Republicans defend US House majority, Senate on razor's edge

WASHINGTON: Republicans will maintain their six-year control over the US House of Representatives, according to early network projections on Tuesday night, as the party also put up an unexpectedly tough fight to protect its majority in the US Senate.

The ABC and NBC television networks said Republicans, as widely projected in opinion polls, would keep control of the House, which has been in their hands since 2011.

Winners had been declared so far in 16 Senate races, with Democrats making a net gain of only a single seat so far, but some other opportunities for them remained undecided. Several key races were seen as too close to call.

Party dominance in Congress will be a crucial determinant of the policy-making outlook for the next president, whether it is Democrat Hillary Clinton or Republican Donald Trump.

Democrats picked up their first Senate seat from Republicans as Representative Tammy Duckworth, as expected, defeated Senator Mark Kirk in Illinois, according to the major TV networks.

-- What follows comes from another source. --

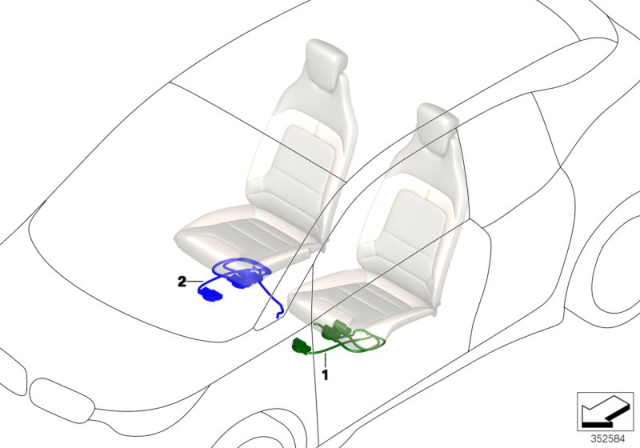 2015 BMW i3 Wiring Set Seat, Passenger'S Side Diagram for 61129339282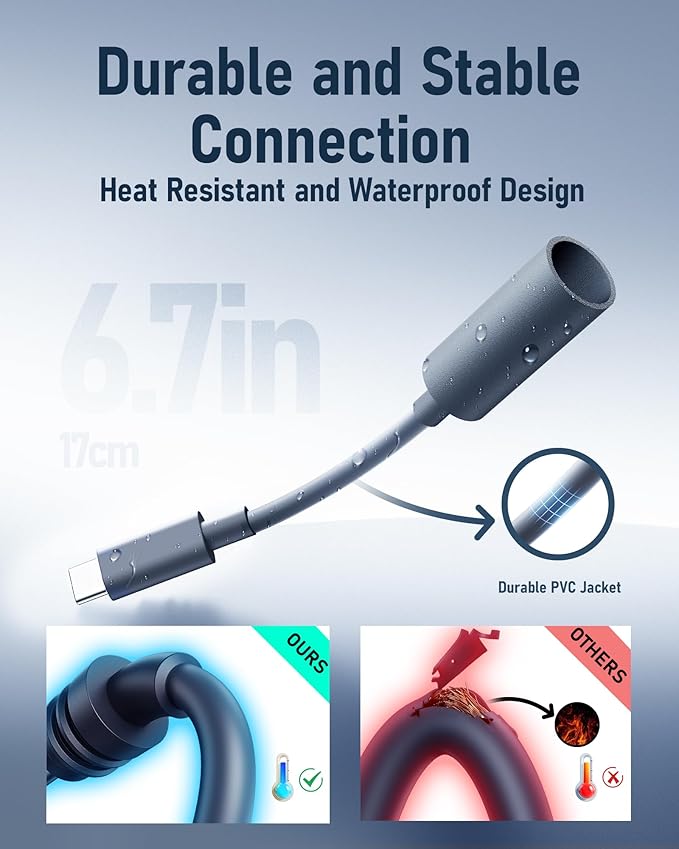 Starlink Mini USB C to DC Extension Cable 18CM, Waterproof Power Converter Adapter, USB C Power Cable,Replacement Accessories for Starlink Mini, Compatible with 65W Power Bank/Charger Block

Duckworth is a double-amputee Iraq war veteran. With her victory, Democrats need to pick up four more seats from Republicans in order to win a majority in the Senate.

The networks projected that in Indiana, former Senator Evan Bayh failed in his bid to return to the Senate, losing to Republican Representative Todd Young. The two candidates had been vying to replace Republican Dan Coats, who retired. Bayh's loss was a missed opportunity for Democrats to gain a seat.

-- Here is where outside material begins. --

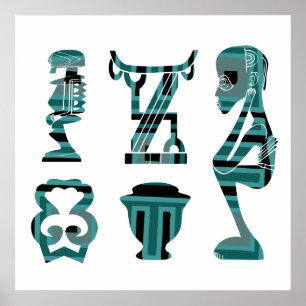 afrikanisches abstraktes, modernes Portrait nach K Poster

In Florida, incumbent Senator Marco Rubio, who ran unsuccessfully for the Republican presidential nomination earlier this year, was declared the winner and re-elected.


Major TV networks said Republican Senator Rob Portman, who refused to campaign with Trump, was re-elected in Ohio.

Also projected as winners by the networks, as expected, were Republican Senators Rand Paul in Kentucky, Tim Scott in South Carolina, James Lankford in Oklahoma, Richard Shelby in Alabama, John McCain in Arizona, John Hoeven in North Dakota, Jerry Moran in Kansas and John Thune in South Dakota.

Democrats Patrick Leahy in Vermont, Chris Van Hollen in Maryland, Richard Blumenthal in Connecticut and Chuck Schumer in New York were declared winners.

Continued Republican dominance in Congress could stymie any legislative agenda pursued by Clinton, if she is elected. A Trump victory, with a Republican Congress, could spell a swift demise for Democratic President Barack Obama's health reforms.

Republicans have controlled the 100-seat Senate since 2015, but they had to defend far more seats this year than did the Democrats. Some analysts had raised the possibility of the 2016 election season ending with a 50-50 split in the Senate.

In such an outcome, the new US vice president - either Democrat Tim Kaine or Republican Mike Pence - would be the tiebreaker in the Senate and determine control of that chamber.

To win Senate control, Democrats would have to score a net, five-seat gain. Republicans hold 54 Senate seats to 44 Democratic seats and two independents who align with Democrats.